Die Metal Blade-Jahre: Stilexperimente und Soloprojekte (19982004)

Ab 1997, dem Jahr des Wechsels zum Groß-Indie Metal Blade, war ein geradezu explosionsartiger Anstieg an Veröffentlichungen aus dem King's X-Lager zu beobachten: Ty Tabor brachte mit "Moonflower Lane" sein erstes richtiges, extrem Beatles-lastiges Soloalbum heraus ("Naomi's Solar Pumpkin" von 1995 war nur über Internet und Fanclub erhältlich), und Doug Pinnick arbeitete an seinem Projekt Poundhound, das den Heavy- und Soulfaktor noch deutlicher als bei seiner Hauptband herausstrich. Für Pinnick war 1998 auch in der Hinsicht ein wichtiges Jahr, da er sich in einem Interview als homosexuell outete. Schließlich gab es auch noch das offizielle 1998er Album des Trios namens "Tape Head" zu hören, das sich wieder mehr am Groove von "Dogman" orientierte. Tabor stellte zudem mit Mitgliedern von Dream Theater, Winger und Dixie Dregs die Progressive-Supergruppe Platypus auf die Beine, die zwei sich an Psychedelic-Retro, Riffrock und Prog-Spielereien orientierende Alben herausbrachte. (Nach dem Ausstieg von Drummer Rod Morgenstein splittet sich die Band in zwei Projekte namens Jughead und The Jelly Jam auf, die sich soundmäßig jedoch nicht wirklich neu orientierten.) 2000 erschien mit dem kryptisch betitelten "Please Come Home... Mr. Bulbous" ein weiteres King's X-Album, das mit ebenso seltsamen Songs aufwartete, aber auch den klassischen Bandsound nicht vernachlässigte. (In der Erstauflage der CD war zudem das Doku-Video "Then" von 1996 enthalten, in dem die Band sich an die "The Edge"-Zeit vor King's X erinnert.) Zudem gründete Doug Pinnick mit den Trouble-Musikern Jeff Olson und Bruce Franklin das Projekt Supershine, was sich als Schnittmenge der beiden Hauptbands begreifen ließ und erneut stark riffrockig daherkam. Beim neunten King's X-Album "Manic Moonlight" (2001) experimentierte die Band mit Loops und Samples, um zwei Jahre später mit "Black Like Sunday" wieder ganz an den Anfang ihrer Karriere zurückzukehren: Auf Anfrage vieler Fans und aus Nostalgie nahmen King's X dreizehn Songs aus ihren The Egde- und Sneak Preview-Tagen erneut auf, die 2003 auch live präsentiert wurden. Diese Tour wurde 2004 auch mit dem Doppel-Livealbum "Live All Over the Place" dokumentiert; zudem erschien im selben Jahr mit "Come Somewhere" auch Jerry Gaskills Solodebüt.
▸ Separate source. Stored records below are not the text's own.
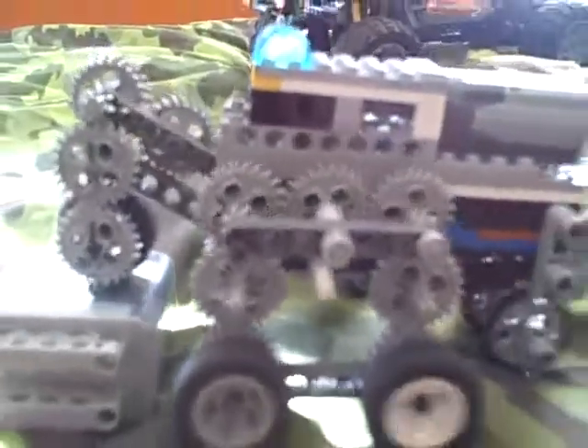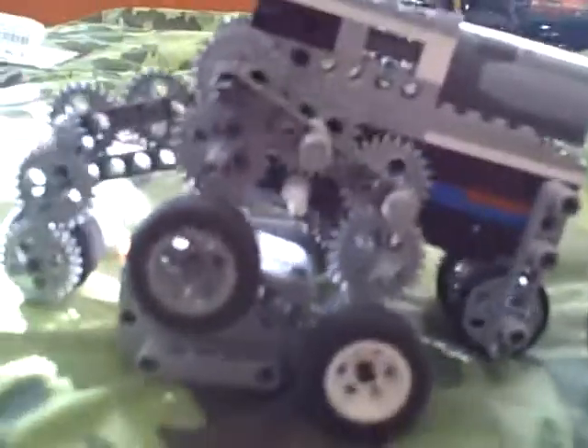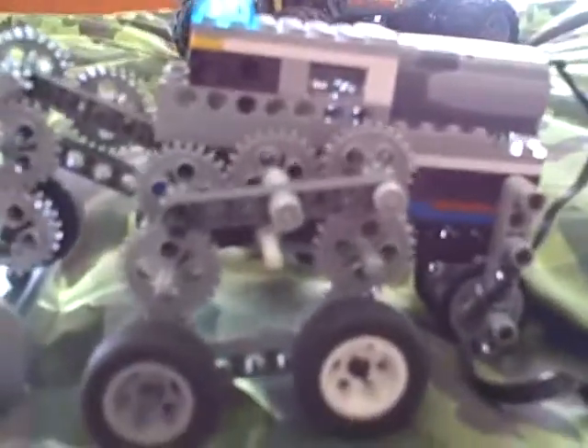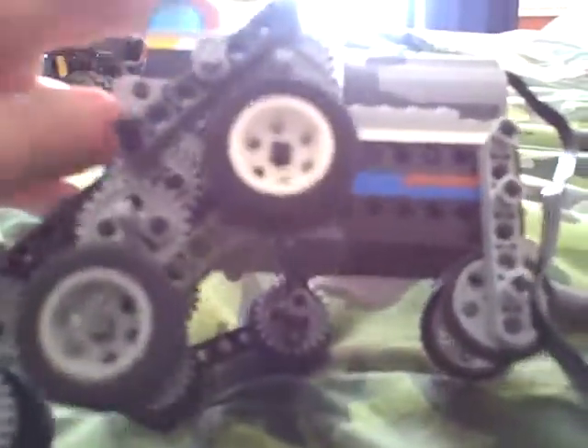It's very slow. All the wheels spin. You can see it's going over the battery box. And this is it. Everything moves. The wheels pivot, so they go over stuff.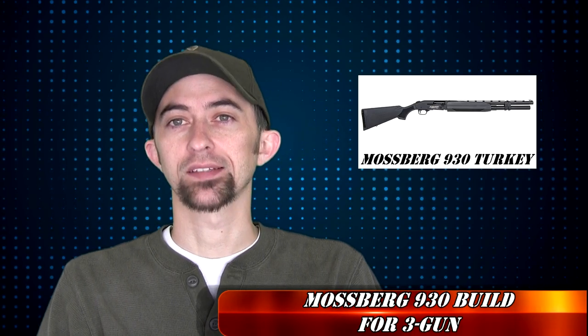Hey guys, Mac again here with another Mossberg 930 loading port modification video. This is part two. In part one, we sanded down the forearm, which is going to allow us to get a little bit easier access to the loading port.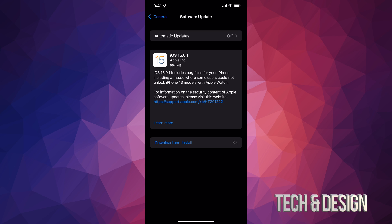The download size for this one is only half a gig — about 554 megabytes — which is fairly small compared to iOS 15. When you recently downloaded that, it was much bigger, around three gigs.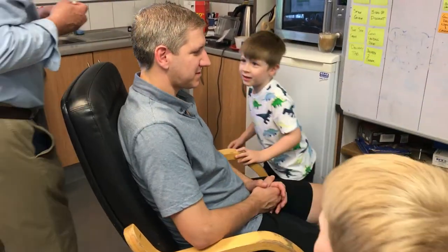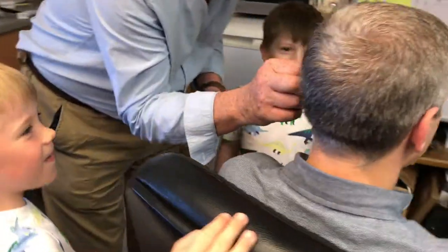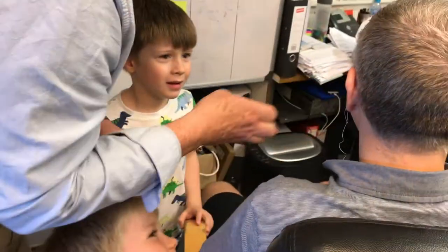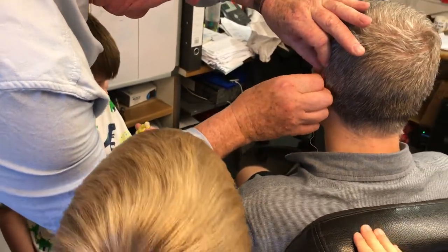Can you do the other side? Yeah. I've filched it, I've filched it. Can I fill it? Here, you hold that one. I'll hold this one.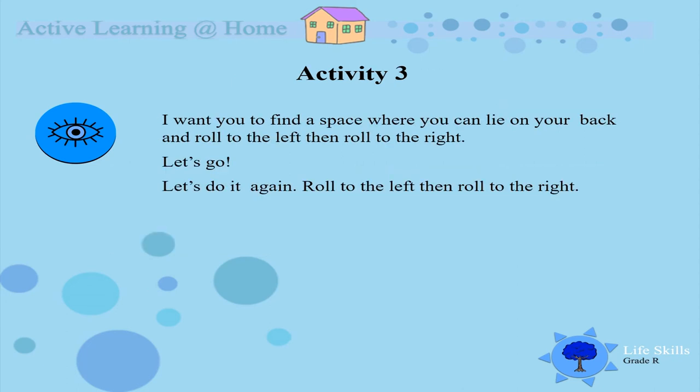Our third activity for the day — I want you to find a space. Lie on your back and roll to the left and then to the right on your side. You roll to your left and then you roll to your right. Let's do it! Good! Let's try one more time. Roll to your left and stop. Now roll to your right and stop. Very, very, very good.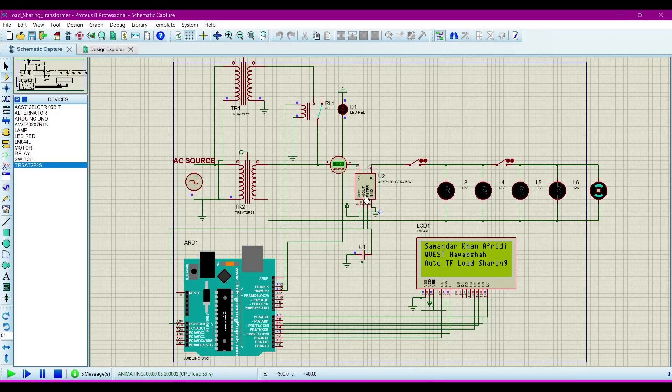Here you can see that when there is no load connected to the transformers, the LCD prints that there is no load on the transformer — TF stands for transformer. When we connect a load, such as two bulbs, it will show a balanced load on the transformer, as defined in the program. When we connect an overload, it will show that the transformer is now overloaded, and the relay will be activated.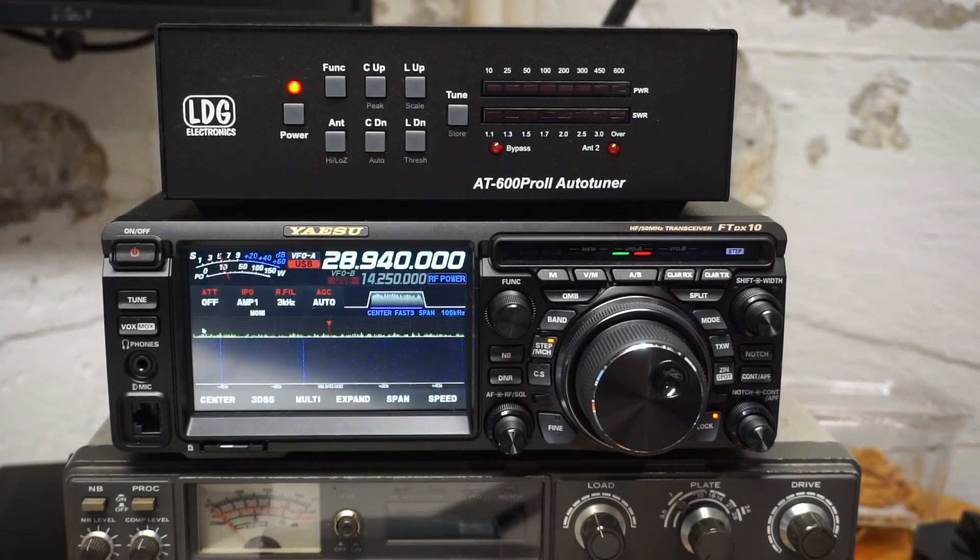I recently got this LDG AT600 Pro 2 tuner to pair with my FTDX10, and one thing I discovered when I was trying to do some research about how the two would work together is that there is a lot of confusion out there. So I thought it might be useful, since I didn't find any videos on the topic, to make one and hopefully answer some questions that folks have.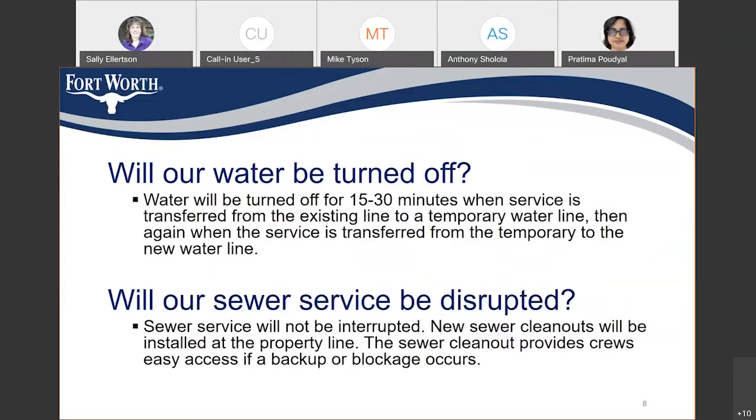You may be thinking: will my water be turned off? Your water will be turned off for 15 to 30 minutes when the service is transferred from the existing line to a temporary service line, and then again when it is transferred back to the new water line. Sewer service will not be disrupted. New sewer cleanouts will be installed at the property line, providing crews easy access if there is a backup or blockage.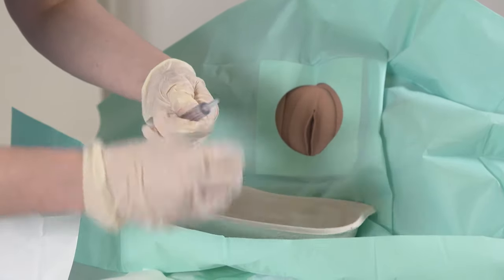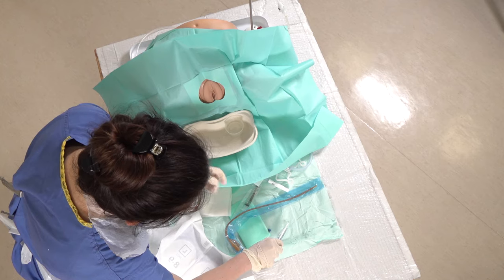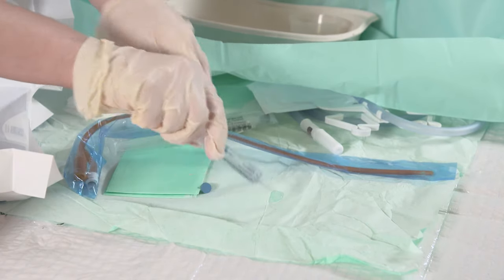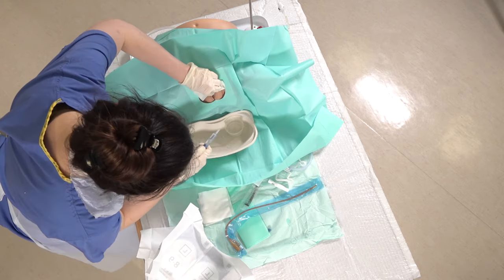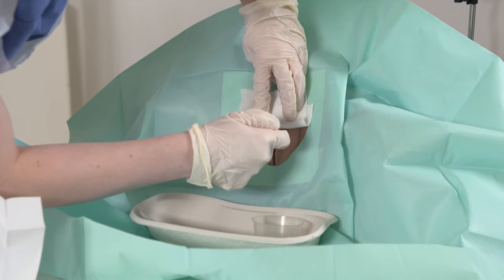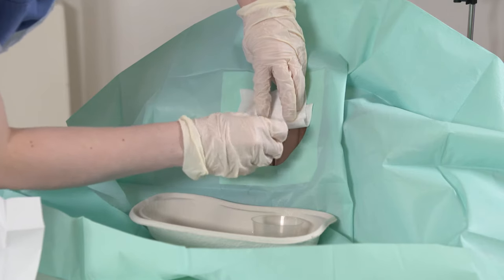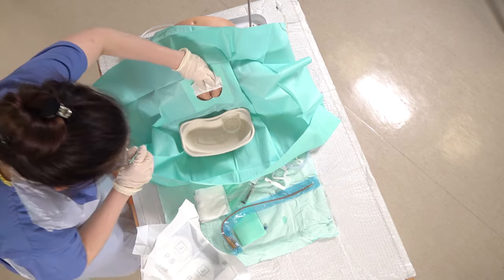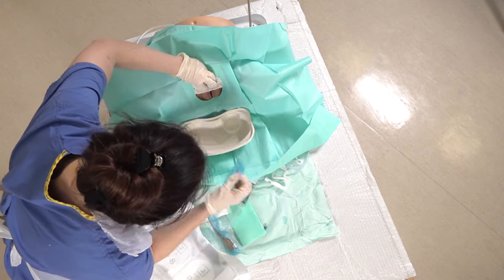Next we're going to numb the area using some instillagel, just placing a small amount on the drape — the sterile field — to use to lubricate the tip of the catheter. Then using your gauze again to hold the labia minora apart, you just insert a small amount into the urethra, then place that syringe in the bin so you let that work for a few minutes before placing the catheter in.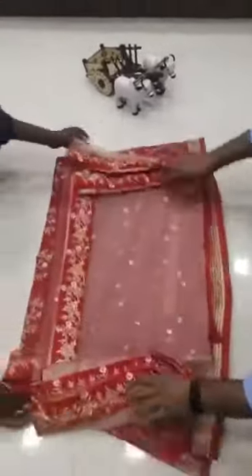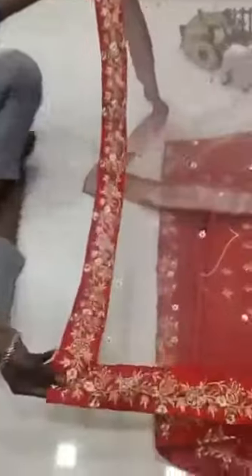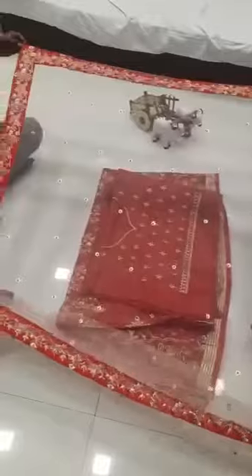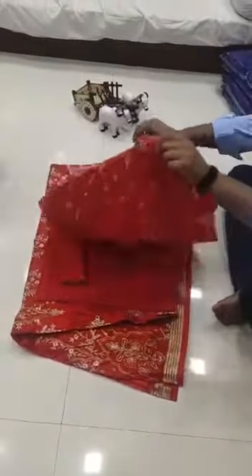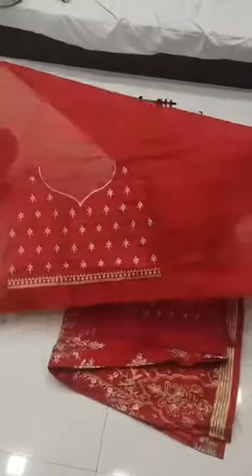We are going to launch another design. The fabric is Bangalore satin, color is red. This is the Dupatta with heavy embroidery work and full pearl work. This is the blouse in Bangalore satin with front embroidery work.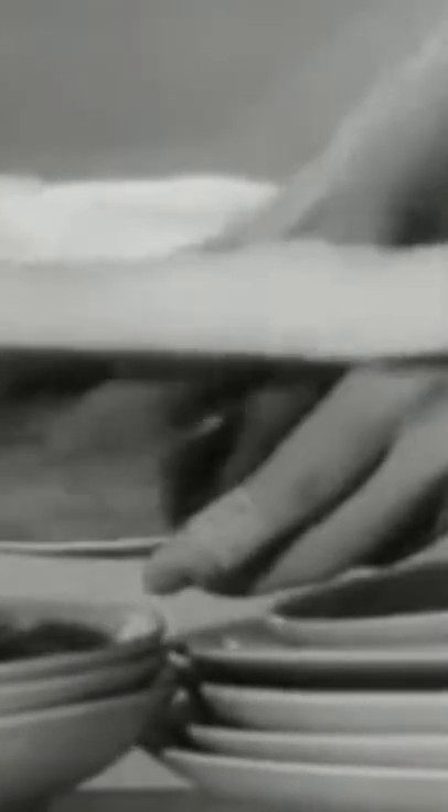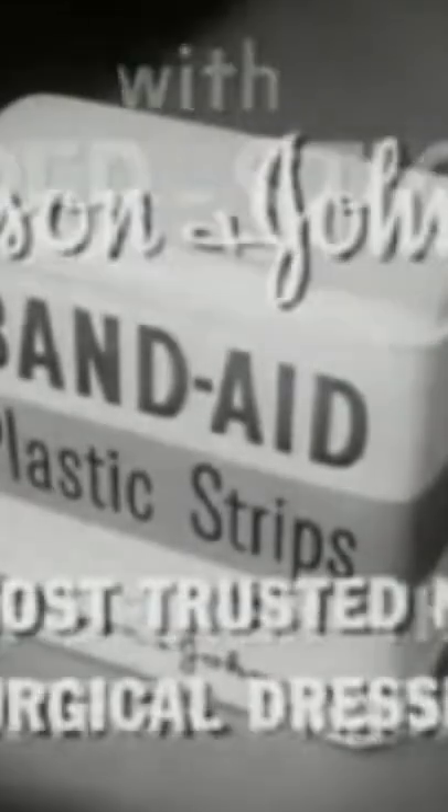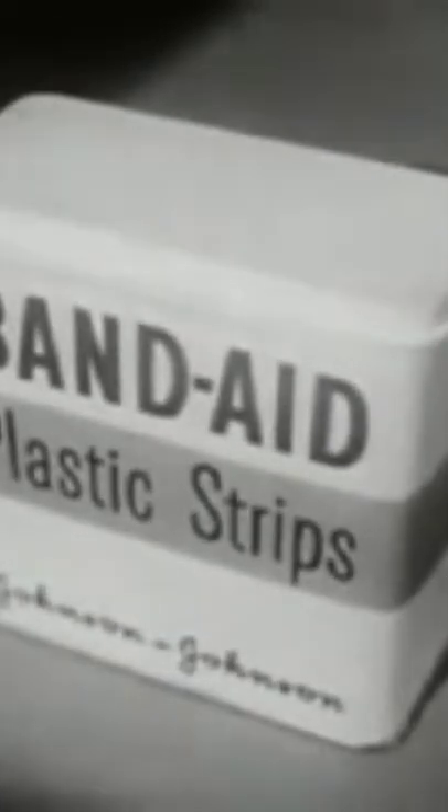Neat, fresh, colored, almost invisible — Band-Aid plastic strips with new Super Stick stick better than any other bandage. Made only by Johnson & Johnson, the most trusted name in surgical dressings. Be sure you get Band-Aid plastic.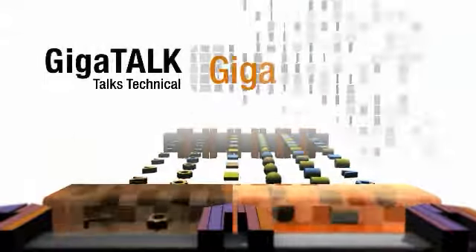Thanks for watching and look for more Gigamon video datasheets to come.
"Ogre Tones" und "XV" (20052010)

Nachdem der Vertrag mit Metal Blade ausgelaufen war, entschieden sich King's X für das Progressive-orientierte Label InsideOut Music als neuen Vertragspartner, das bereits in den Jahren zuvor die Neben- und Soloprojekte der einzelnen Bandmitglieder herausgebracht hatte und für den deutschen Markt schon seit "Black Like Sunday" zuständig gewesen war. 2005 erschien dort das Album "Ogre Tones", das soundmäßig die experimentelle Phase der vorigen Longplayer hinter sich ließ und sich wieder mehr dem erdigen Sound von "Dogman" und "Tape Head" widmete, dabei aber auch Akustikeinlagen sowie mit Reprisen von Goldilox und Freedom auch zwei Neubearbeitungen älterer King's X-Songs enthielt. Zudem wurden die Aufnahmen erstmals seit "Ear Candy" wieder von einem externen Produzenten begleitet, wobei der Deutsch-Amerikaner Michael Wagener sich zuvor eher mit Bands aus dem Hair Metal- und Hardrock-Sektor befasst hatte. King's X wurden zudem von VH-1 als eine der 100 einflussreichsten Hardrockgruppen (auf Platz 83) ausgezeichnet. In den folgenden Jahren veröffentlichte die Band auf dem Netlabel Molken Music des befreundeten Musikers Wally Farkas (Ex-Galactic Cowboys) diverse Proberaummitschnitte, Demosammlungen und Livealben aus verschiedenen Perioden der Bandgeschichte, zudem erschienen weitere Soloalben von Ty Tabor und Doug Pinnick. Am 16. Mai 2008 wurde das bislang letzte King's-X-Studioalbum mit dem Titel "XV" veröffentlicht, das erneut von Michael Wagener produziert worden war und dem eine weitere Tour folgte. Der dabei im Jahr 2009 absolvierte Auftritt in London wurde auf der ersten offiziellen Live-DVD "Live Love in London" festgehalten, die 2010 auf Molken Music erschien.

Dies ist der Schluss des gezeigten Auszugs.